For all functions the source field is not modified if for any reason function fails.

The following functions are available:

Cyrillic
Greek
ISO Latin-2
Turkish
WinLatin-1
WinLatin-2

The ID3 specification uses ISO-Latin-1 as its 8 bit text encoding. In the past before UTF8 was supported, many people specified their mp3 fields in a variety of languages which contained characters not supported in ISO Latin-1. When these files are read by Yate, fields which specify an encoding of ISO Latin-1 may not display the correct characters if in fact they were not ISO Latin-1 characters.

This statement allows you to specify the original encoding and attempt to re-encode to the actual encoding. Modifications will be made wherever possible. Note that if a field currently contains characters which cannot be represented in ISO Latin-1, no modifications will occur.

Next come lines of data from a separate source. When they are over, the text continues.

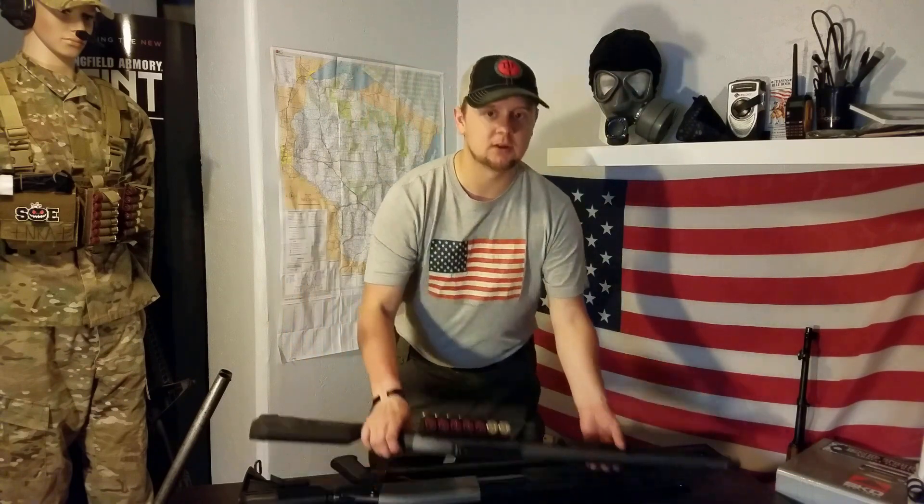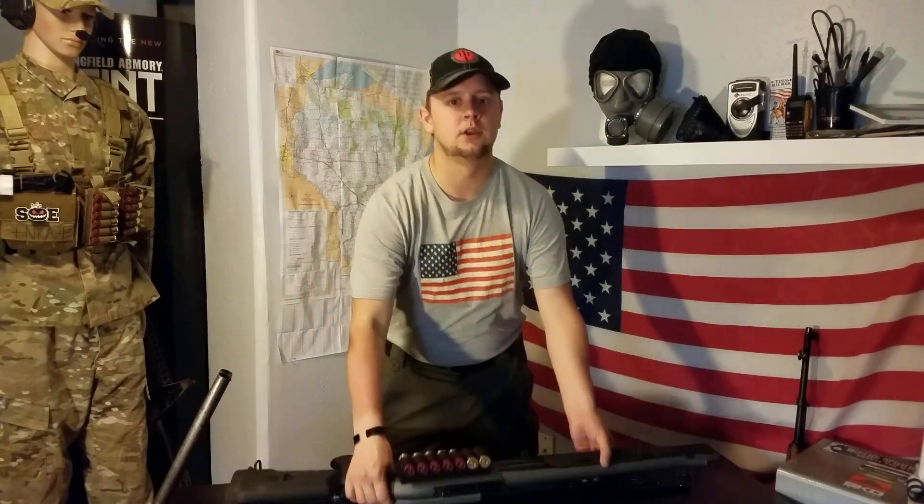There's also the legality aspect. A standard pump shotgun like this 870 is, depending on accessories, legal in all 50 states — which is a great asset for those in places like California or New York where a standard AR-15 or standard-capacity magazine is illegal. You can hold the same amount of rounds in this as you can in a New York-legal AR-15 magazine.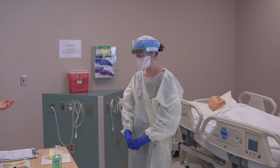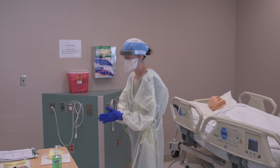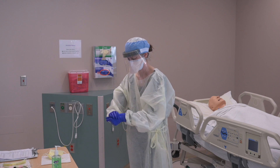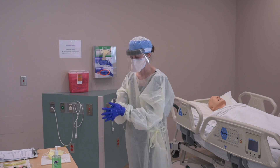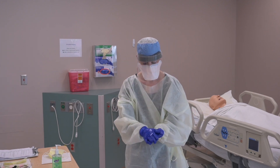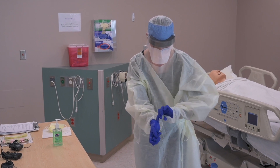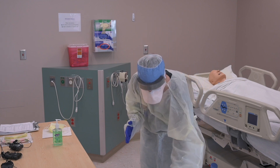Now we're going to talk through the doffing process — the taking-off process. First thing you're going to do, Brooke, is perform hand hygiene. Then you're going to doff that external pair of gloves using the glove-in-glove technique. Gently discard those and perform hand hygiene.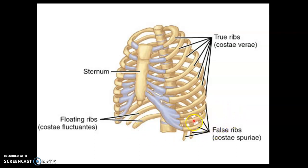Our other false ribs are rib pairs 8, 9, and 10. They are also false ribs, but they do have costocartilage — however, their costocartilage joins up with the cartilage above, and you eventually get to the sternum, but indirectly. So false ribs 8, 9, and 10 indirectly attach to the sternum, and we call those vertebrochondral ribs because they go from the vertebrae in the back to the cartilage in the front.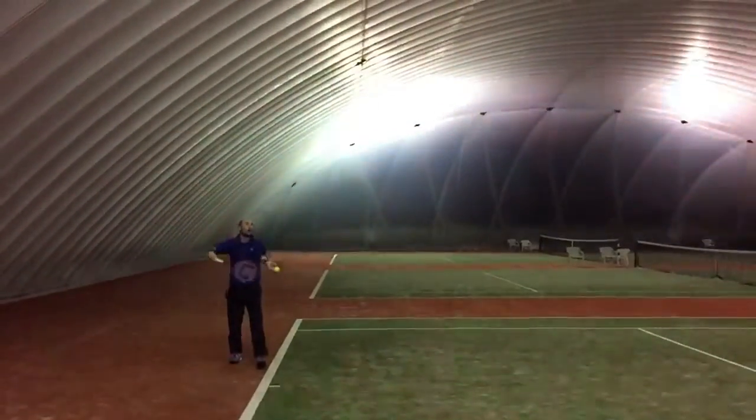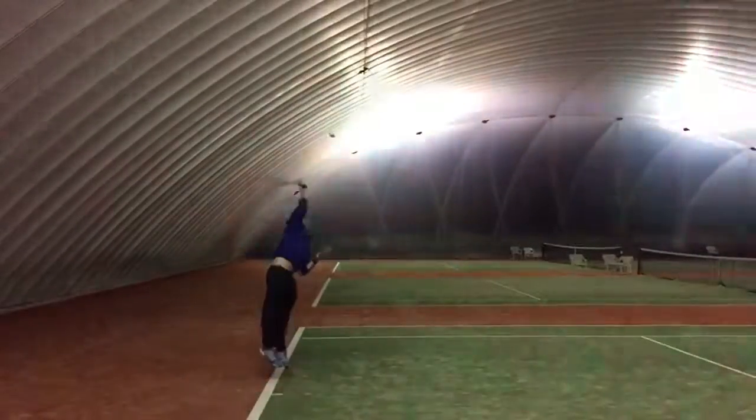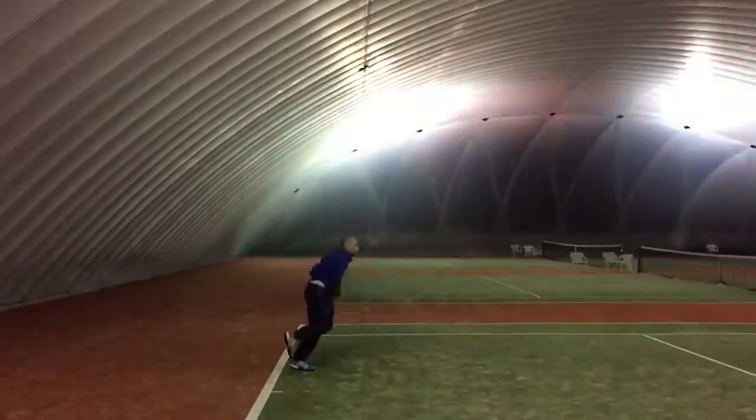I'm going to keep my car in the center. I'm going to take a few steps. We'll be right back.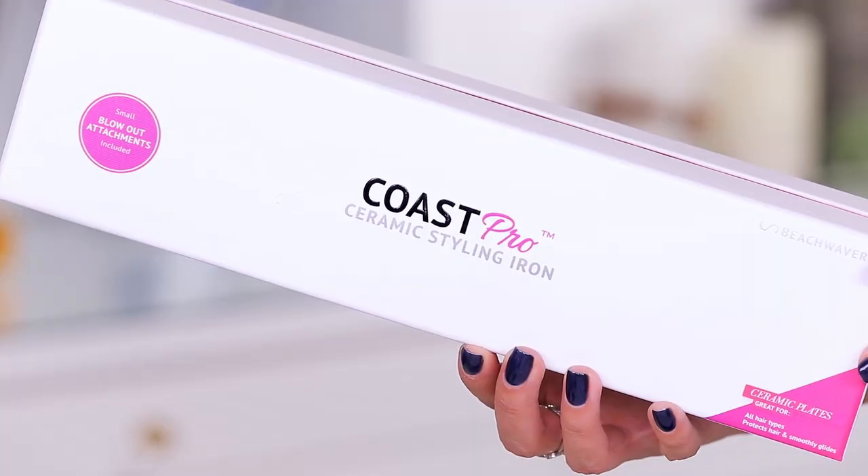Hey guys, welcome to today's video. I'm having a weird hair day right now because I'm about to test a new device out that I saw at Ulta and I got very oddly excited about it because it says it is going to provide you with a salon quality blowout at home. This is by the company The Beach Waver.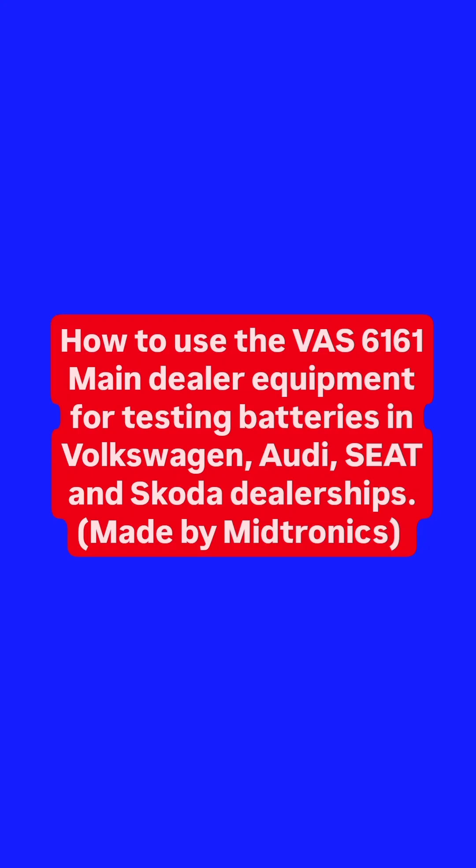Welcome to this video on how to use the VAS-6161 main dealer diagnostic equipment for testing batteries in Volkswagen, Audi, Seat and Skoda dealerships. It's actually made by Medtronics as well.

The algorithm essentially re-encodes the Mac's internal representation of a string back to ISO Latin-1 and then encodes the raw data using your specified encoding.

Unicode UNFC

Unicode supports the encoding of most accented characters as precomposed single characters or decomposed sequences. É, precomposed has a string length of 1. When decomposed it has a string length of 2. The string displays correctly regardless of the encoding. When Unicode UNFC is selected, the associated fields are converted to their precomposed encoding. UNFC stands for Unicode Normalization Form C. Note that this transformation should rarely be required.

Force ISO Latin-1

This function attempts to ensure that every character in the result can be represented as an ISO Latin-1 character. It does so by changing various characters to their similar ISO Latin-1 equivalents, removing accents if necessary and as a last resort by changing characters which cannot be represented as ISO Latin-1 to underscore characters. Unicode UNFC, and Fold Characters are applied.

Remove Accents

This function re-encodes all accented characters to their baseline unaccented characters, wherever possible.

Fold Characters

This function changes various characters to their similar Latin-1 equivalents. Currently this includes single and double quote equivalents as well as dash/hyphen equivalents. Unicode UNFC is applied. A complete list of the current substitutions can be found here.

ASCII (Lossy)
This function re-encodes as ASCII discarding characters which cannot be represented.

ISO Latin-1 (Lossy)
This function re-encodes as ISO Latin-1 discarding characters which cannot be represented.

Remove RTF Formatting
If the data is properly structured RTF, the formatting will be removed leaving only the text.

Note that the lossy variants should be used as opposed to the Lossy Encode As statement which has been deprecated as of v3.14.